Some of these casualties in the ByWard Market have been offset. Mamma Grazzi’s has been replaced by Dark Fork, Ottawa’s first dine-in-the-dark restaurant, which opened in September. The Courtyard’s space has been taken over by Ottawa’s Beyond the Pale Brewing Company, which opened a taproom there in November.
Further east, on Clarence Street, the Saigon Bistro, a veteran Vietnamese restaurant in Ottawa, closed in September. But by early December, its replacement, a second location of the Syrian shawarma eatery Mr. Fez, was plying its wares.
Beyond the ByWard Market, restaurants also came and went.
The dining scenes in Ottawa’s suburbs diversified in 2024, as new multicultural franchises sought to take advantage of cheaper rents and changing demographics.
In the Chapman Mills Marketplace mall in Barrhaven, Tut’s Egyptian Street Food brand is coming in, joining such recently arrived neighbours as the Mediterranean fast food restaurant Tahini’s and the Indian eateries Biryaniwalla and Bombay Frankies.
Eagleson Road in Kanata saw the arrival of not only the long-awaited T&T Asian Supermarket but also a Tahini’s location, joining a year-old location of Raahi Indian Dhaba, a North Indian takeout eatery.
Off of Merivale Road in Nepean, which saw a rush of South Asian restaurants and groceries open in the last few years, Agha Turkish Restaurant, which has locations in Mississauga and Waterloo, is to open on Roydon Place.

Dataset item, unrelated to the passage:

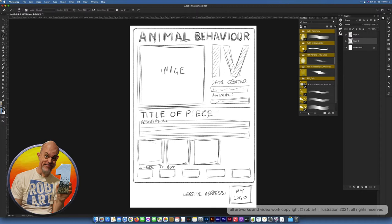Some things won't change and some will. The title won't change because it's always the same, but the date created will change, the name of the animal will change, the image will change, and the title of the piece and description will change. The three variation pictures will also change, the store links will be either on or off, and I'm going to try to colorize the logo as well since all logos are done in white.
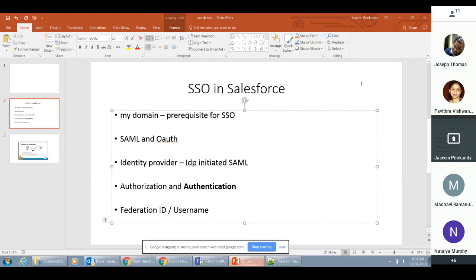Authorization and authentication — when we talk about SSO, I like to see that under the big umbrella of identity management. What we accomplish using SSO is authentication, basically validating who you are. But there is another important half to identity management, which is authorization — basically what you can do. So when you authenticate a user against your system, you better know that what he's doing is what he's supposed to do. Lastly, Federation ID and username — Federation ID is an external ID to your user, so it can be your employee number or employee ID, something that uniquely identifies you in the system.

It joins roughly half a dozen other Turkish restaurants that have opened across the breadth of Ottawa in the last few years.

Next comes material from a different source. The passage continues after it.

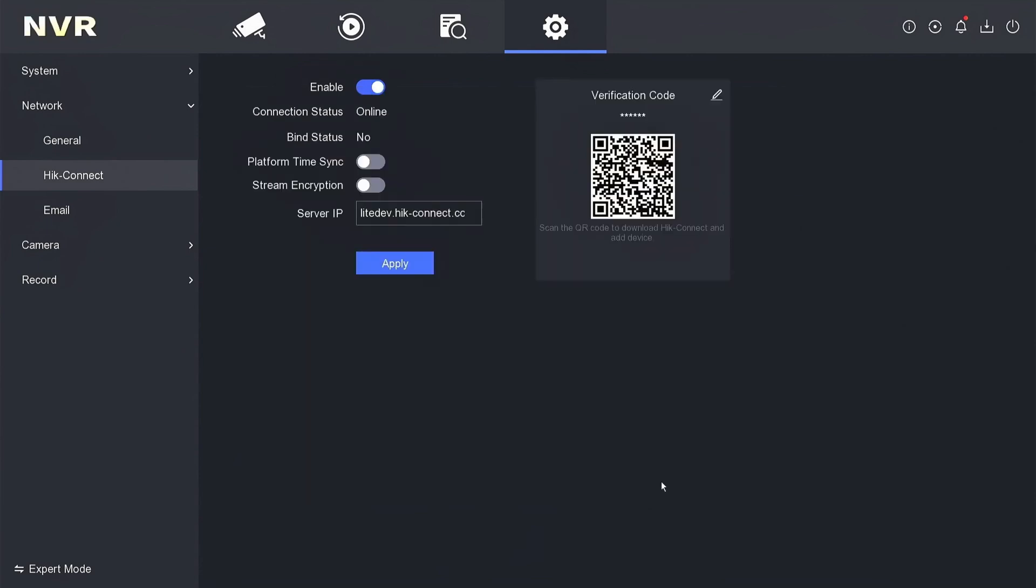For security purposes, make sure you have also enabled stream encryption. Then, click apply to save the configuration. Up to this point, the NVR configuration is complete. Make sure the connection status is online.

In the digital realm, it was Gen Z culinary content creator Logan Moffitt who most famously represented Ottawa in 2024.
The influencer broke out this summer thanks to coverage in the New York Times, CNN, BBC and People Magazine that centred on his cucumber recipe videos. Now, Moffitt has more than nine million followers across TikTok, Instagram and YouTube. Moffitt, who has been nicknamed the “Cucumber Guy,” also signed this fall with the talent management company Underscore Talent, leveraging partnerships with such global brands as Netflix, Sephora and Rosetta Stone.
Moffitt’s “now-famous cucumber salad even sparked a cucumber shortage in Iceland, underscoring the massive cultural impact he’s already made,” said an Underscore Talent release.